Our realtor suggested we make an offer despite the chalk outline of a body on the bedroom carpet. “Some spackle will take care of the bullet holes and those blood stains should clean up quick.” The schools were good and the taxes reasonable and so we agreed, knocking 20K off the asking price due to the ghost weeping in the corner. Because the market was sizzling, we lost to a higher bid. On weekends we drive by and wave to the new homeowners as they sip coffee on the porch, the ghost seated between them enjoying a fresh buttered scone.

The Pill

by Michael Stroh

This new pill makes you an extrovert for four hours, give or take. Right before the bouncer let us in, I swallowed one dry. The thump of bass and swarm of people engulfed me. I was terrified until I started laughing and swaying with hands raised like an idiot. Even met a guy. I let him buy me a drink, and we flirted, and we danced, and I forgot all about the time. He asked for my number as the pill wore off. Panicking and drowning in bodies, I ran for the door, and in the commotion lost a shoe.

The Place Without Insects

by Matthew McEwan

Cicadas chirped under a diamond sun.

The girl with the insect head hid behind bushes, swatting at buzzing flies.

She peered through serrated leaves, to a place of crisp air and champagne sunlight.
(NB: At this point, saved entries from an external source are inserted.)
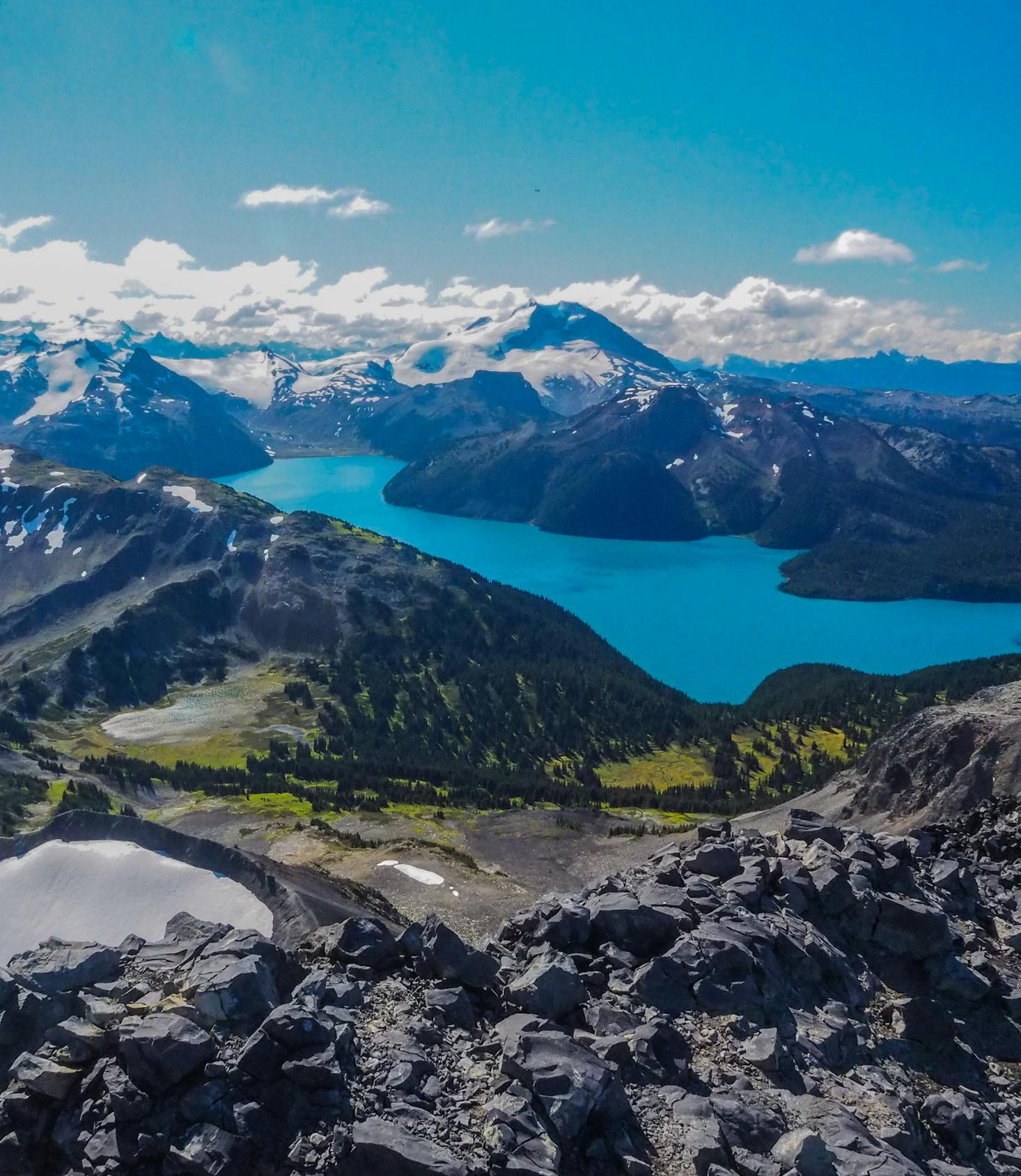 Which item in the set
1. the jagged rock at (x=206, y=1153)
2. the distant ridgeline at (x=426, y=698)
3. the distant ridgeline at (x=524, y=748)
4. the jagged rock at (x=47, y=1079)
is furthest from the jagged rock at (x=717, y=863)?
the distant ridgeline at (x=426, y=698)

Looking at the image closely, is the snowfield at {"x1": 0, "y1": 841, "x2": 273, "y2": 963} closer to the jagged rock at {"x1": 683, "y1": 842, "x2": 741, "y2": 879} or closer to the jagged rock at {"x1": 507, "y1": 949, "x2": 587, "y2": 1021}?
the jagged rock at {"x1": 683, "y1": 842, "x2": 741, "y2": 879}

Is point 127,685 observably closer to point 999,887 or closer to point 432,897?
point 432,897

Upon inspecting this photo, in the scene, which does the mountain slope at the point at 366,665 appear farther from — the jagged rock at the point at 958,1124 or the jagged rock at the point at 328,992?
the jagged rock at the point at 958,1124

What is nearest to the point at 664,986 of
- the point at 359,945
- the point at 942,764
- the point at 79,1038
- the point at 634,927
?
the point at 634,927

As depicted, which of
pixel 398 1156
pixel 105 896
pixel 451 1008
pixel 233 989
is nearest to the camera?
pixel 398 1156

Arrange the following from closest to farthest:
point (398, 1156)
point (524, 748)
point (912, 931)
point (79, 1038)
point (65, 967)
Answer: point (398, 1156) → point (79, 1038) → point (65, 967) → point (912, 931) → point (524, 748)

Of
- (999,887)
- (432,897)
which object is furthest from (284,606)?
(999,887)

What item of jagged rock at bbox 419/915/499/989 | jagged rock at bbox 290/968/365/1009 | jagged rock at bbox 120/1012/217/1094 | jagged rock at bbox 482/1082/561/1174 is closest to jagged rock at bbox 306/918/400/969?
jagged rock at bbox 419/915/499/989

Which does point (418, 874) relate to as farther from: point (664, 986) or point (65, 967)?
point (664, 986) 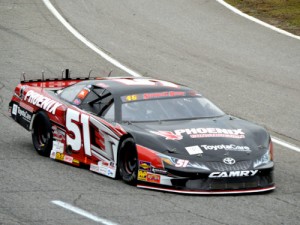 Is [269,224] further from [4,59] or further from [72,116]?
[4,59]

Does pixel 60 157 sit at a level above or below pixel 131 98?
below

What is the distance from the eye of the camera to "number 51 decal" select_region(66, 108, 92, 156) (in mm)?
11641

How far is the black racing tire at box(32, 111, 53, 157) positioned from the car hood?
190 cm

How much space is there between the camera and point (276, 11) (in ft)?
80.8

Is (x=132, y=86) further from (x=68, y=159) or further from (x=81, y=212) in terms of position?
(x=81, y=212)

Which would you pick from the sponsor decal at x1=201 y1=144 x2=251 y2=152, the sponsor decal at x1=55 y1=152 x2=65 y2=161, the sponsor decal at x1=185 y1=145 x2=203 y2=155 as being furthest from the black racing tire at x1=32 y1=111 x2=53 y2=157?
the sponsor decal at x1=201 y1=144 x2=251 y2=152

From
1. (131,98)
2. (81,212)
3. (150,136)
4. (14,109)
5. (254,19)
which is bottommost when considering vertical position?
Result: (14,109)

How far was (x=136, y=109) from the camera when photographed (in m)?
11.5

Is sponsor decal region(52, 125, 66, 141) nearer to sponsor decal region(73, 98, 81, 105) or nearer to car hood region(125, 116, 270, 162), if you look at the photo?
sponsor decal region(73, 98, 81, 105)

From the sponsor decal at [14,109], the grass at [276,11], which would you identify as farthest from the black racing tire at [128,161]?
the grass at [276,11]

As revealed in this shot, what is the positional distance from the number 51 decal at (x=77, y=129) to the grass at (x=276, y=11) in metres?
11.7

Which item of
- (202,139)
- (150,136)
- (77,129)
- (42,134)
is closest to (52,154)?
(42,134)

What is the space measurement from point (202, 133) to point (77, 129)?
1.93 meters

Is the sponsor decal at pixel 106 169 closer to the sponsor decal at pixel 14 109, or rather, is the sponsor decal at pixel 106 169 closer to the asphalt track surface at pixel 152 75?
the asphalt track surface at pixel 152 75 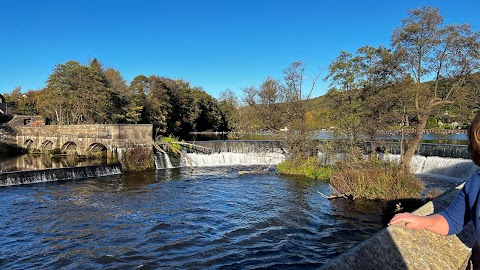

A place of humans and smiling.

A place without insects.

Before she knew it, she had stepped out.

Hands clasped, insect head hanging, she stumbled over, presenting a wet, trembling palm.

She couldn’t even stutter ‘hello’ before innocent smiles contorted into open-mouthed screams. Brightened eyes; dark, deep, horror.

And they were gone.

The flies buzzed.

Given something sharp, she would have cut her own head off.